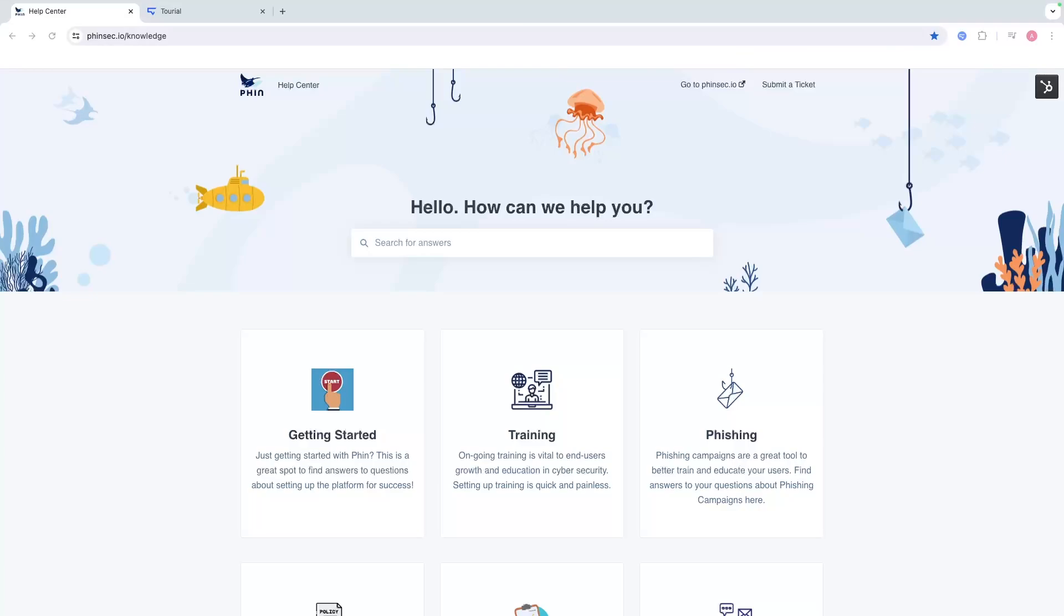We have an integration with Microsoft Azure where you can bring those users from Azure and those groups over into FIN so that you're only having to worry about managing your Microsoft Azure tenant in terms of users and not having to manage users both in Microsoft as well as FIN.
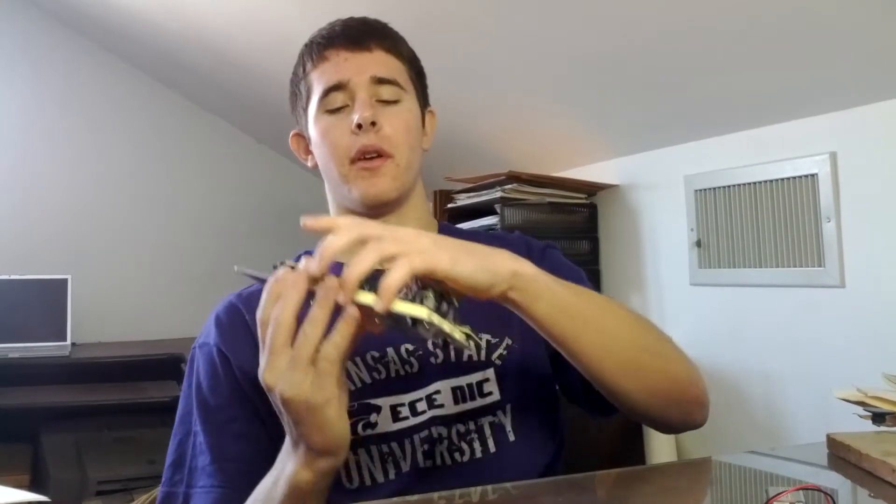Hey everybody, my name is Jared Janssen. I study computer engineering at Kansas State University, and today I'm going to show you my project I built for microcontrollers, ECE-431. I hope you like it.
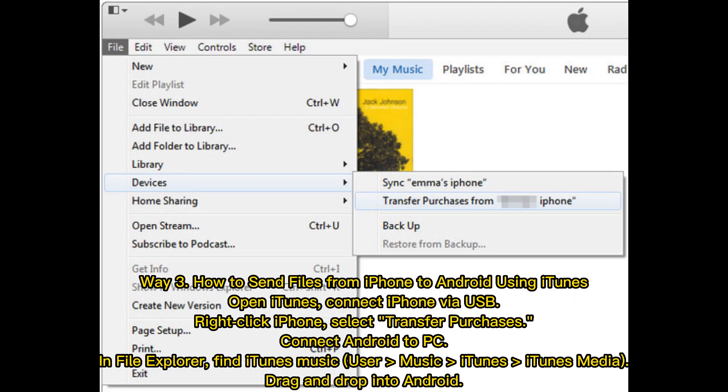Way 3: How to send files from iPhone to Android using iTunes. Open iTunes, connect iPhone via USB, right-click iPhone, and select Transfer Purchases. Connect Android to PC. In File Explorer, find iTunes music (User > Music > iTunes > iTunes Media). Drag and drop into Android.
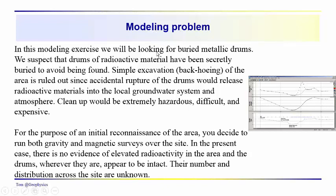We're going to wrap up this section on magnetics with a modeling exercise. It's a fairly simple problem. We're looking for some buried metallic drums.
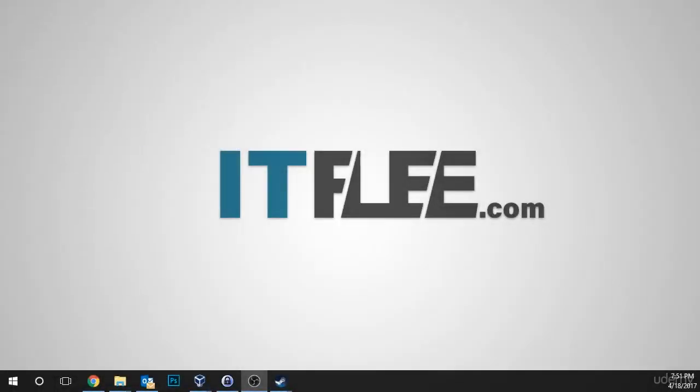Hi, it's Paul Hill from itflea.com, and in this lesson, we're going to be creating a virtual machine with VirtualBox.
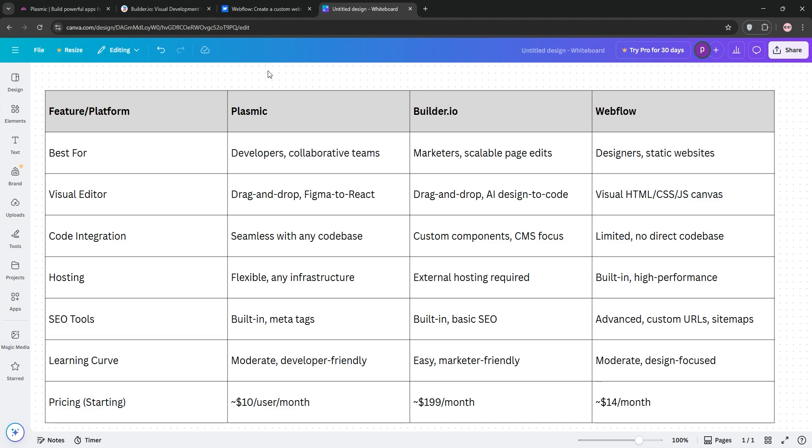So, which is best? If you're a developer needing flexibility, go with Plasmic. Marketers customizing existing sites? Builder.io. Designers building from scratch? Webflow. Check the chart for more.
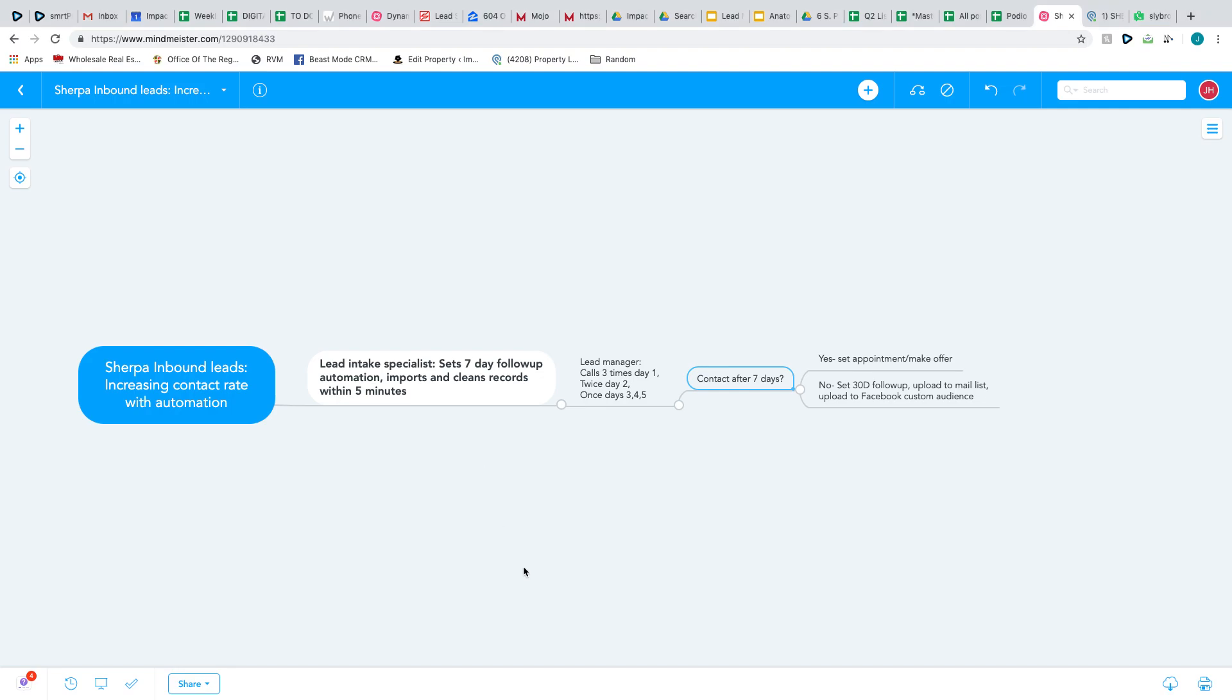Hey guys, it's me, Josh. I just wanted to take a few minutes to make a quick video on the seven-day automation follow-up I was talking to you a little bit about.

Work item: Each line from the one with "Way 3: How to" through the final line of the records must be copied exactly, with no pictures and no additional lines.

Task result:
Way 3: How to send files from iPhone to Android using iTunes. Open iTunes, connect iPhone via USB, right-click iPhone, and select Transfer Purchases. Connect Android to PC. In File Explorer, find iTunes music (User > Music > iTunes > iTunes Media). Drag and drop into Android.
We're going to wrap up this section on magnetics with a modeling exercise. It's a fairly simple problem. We're looking for some buried metallic drums.
Hi, it's Paul Hill from itflea.com, and in this lesson, we're going to be creating a virtual machine with VirtualBox.
So, which is best? If you're a developer needing flexibility, go with Plasmic. Marketers customizing existing sites? Builder.io. Designers building from scratch? Webflow. Check the chart for more.
Hey guys, it's me, Josh. I just wanted to take a few minutes to make a quick video on the seven-day automation follow-up I was talking to you a little bit about.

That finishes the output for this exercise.